═══ DATA FOR REVIEW

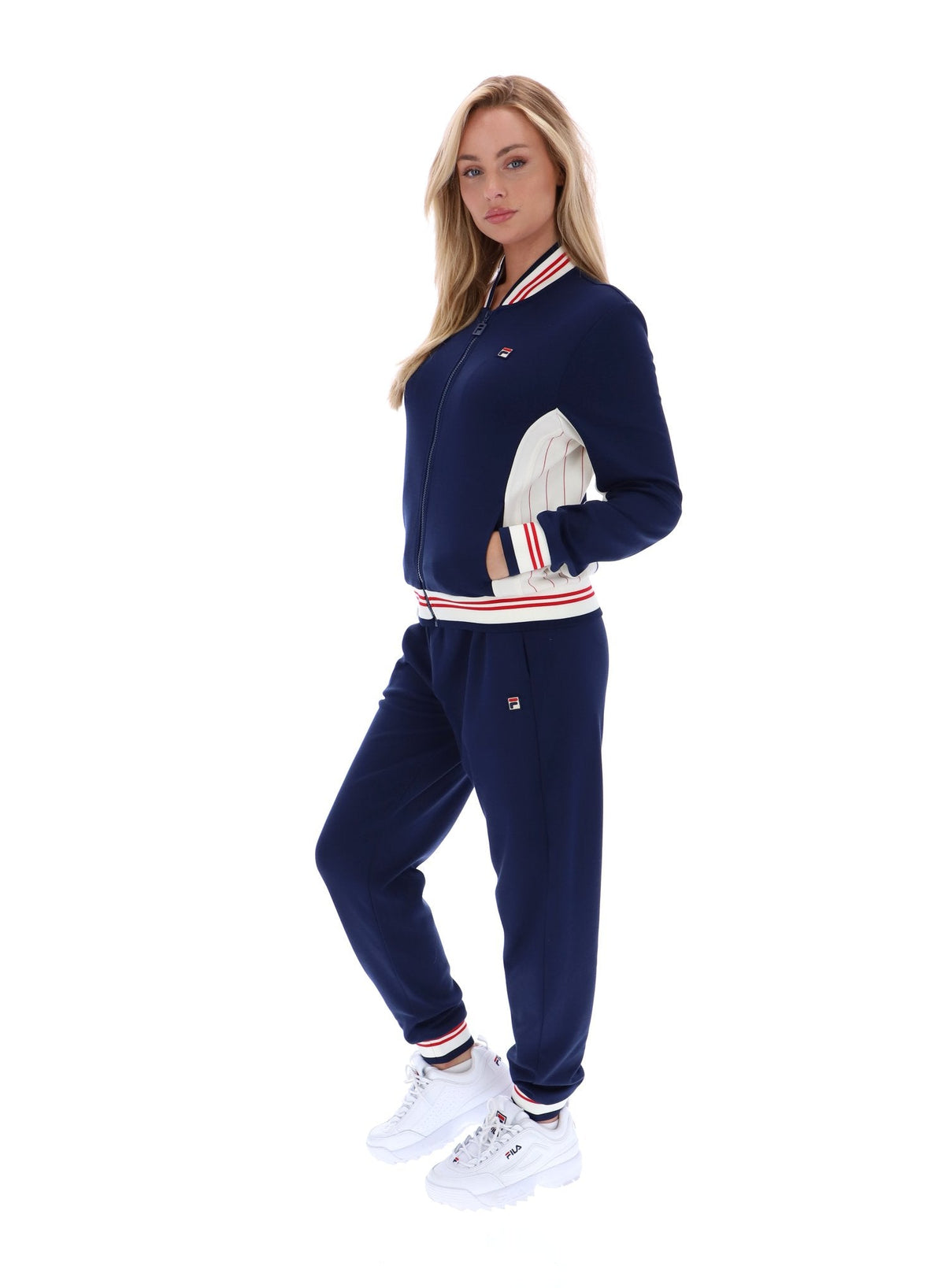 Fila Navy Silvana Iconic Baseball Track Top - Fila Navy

══════
═══ DATA FOR REVIEW

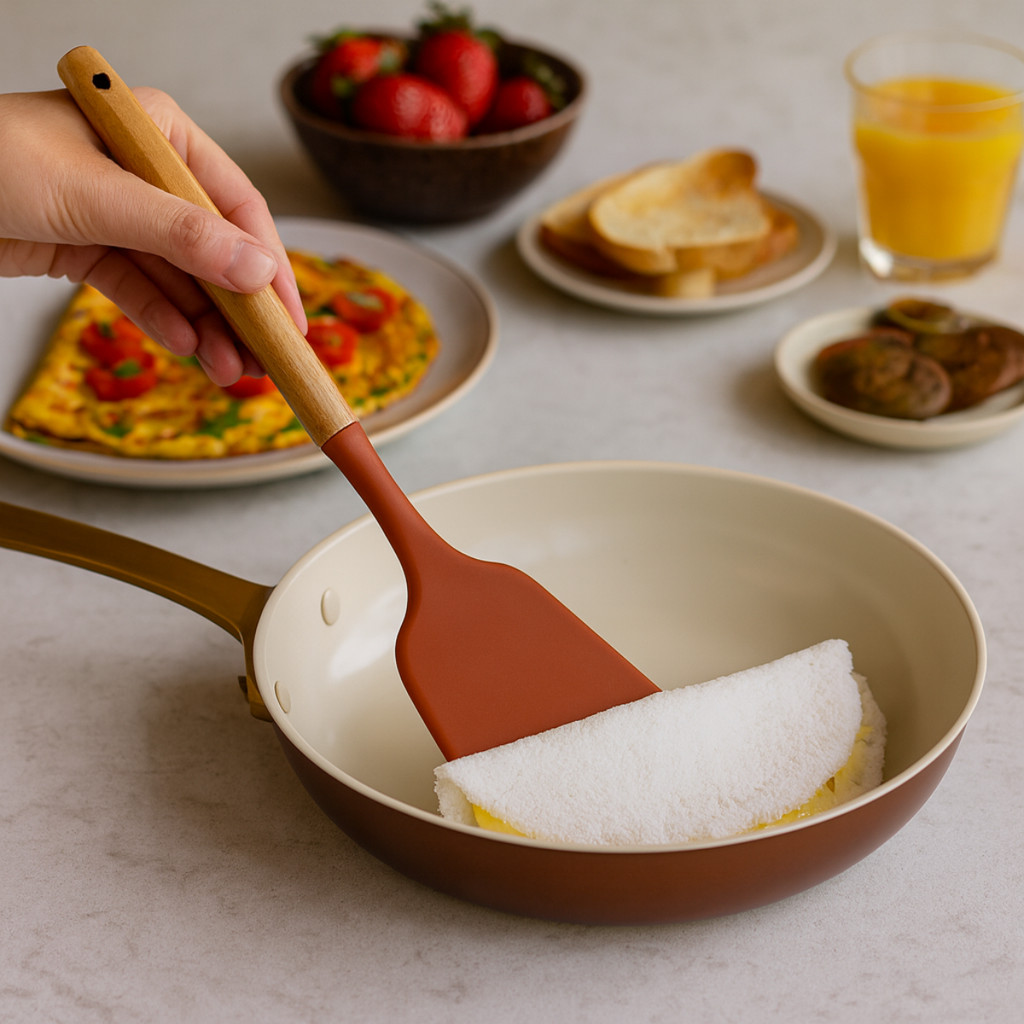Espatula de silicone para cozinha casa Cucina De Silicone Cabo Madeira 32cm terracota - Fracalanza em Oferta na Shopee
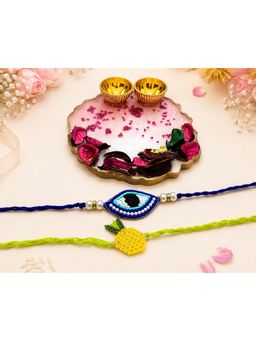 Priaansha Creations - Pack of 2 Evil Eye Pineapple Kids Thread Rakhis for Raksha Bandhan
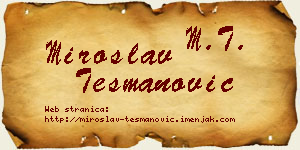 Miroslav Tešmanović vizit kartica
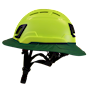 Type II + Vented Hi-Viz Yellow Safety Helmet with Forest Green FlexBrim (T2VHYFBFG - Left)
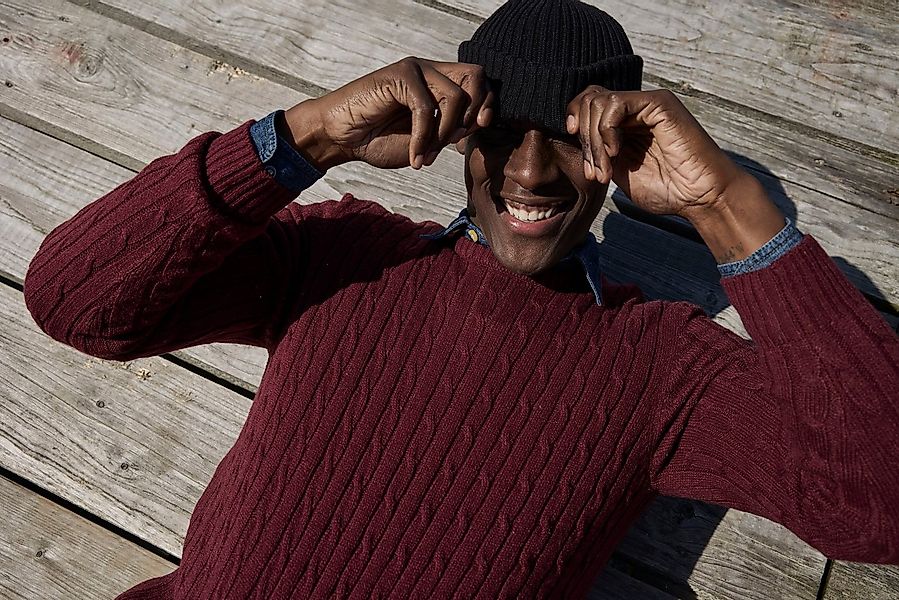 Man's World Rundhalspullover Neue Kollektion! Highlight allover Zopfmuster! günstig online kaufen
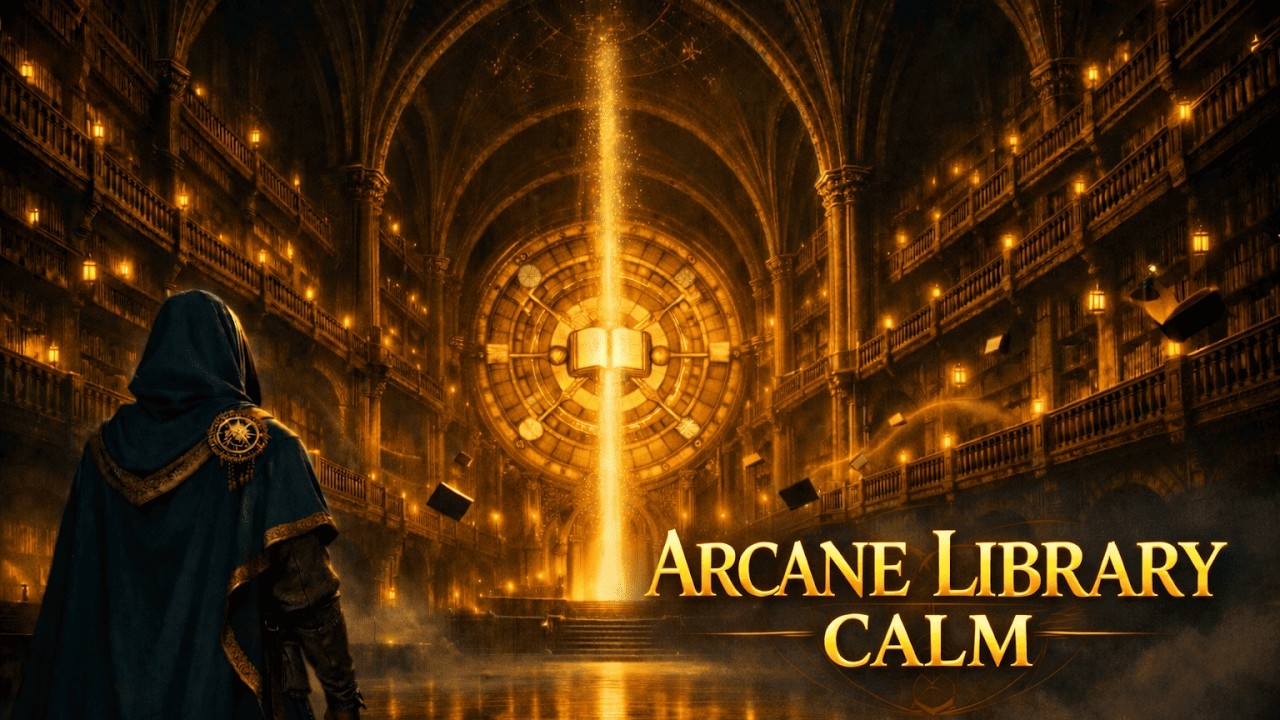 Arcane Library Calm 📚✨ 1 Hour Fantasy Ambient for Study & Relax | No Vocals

══════

**WHAT TO PRODUCE:** Nothing except the lines from the one containing "Type II + Vented" through the one containing "Arcane Library Calm" should appear in the answer, exactly as above and without pictures.

**TASK ANSWER:**
 Type II + Vented Hi-Viz Yellow Safety Helmet with Forest Green FlexBrim (T2VHYFBFG - Left)
 Man's World Rundhalspullover Neue Kollektion! Highlight allover Zopfmuster! günstig online kaufen
 Arcane Library Calm 📚✨ 1 Hour Fantasy Ambient for Study & Relax | No Vocals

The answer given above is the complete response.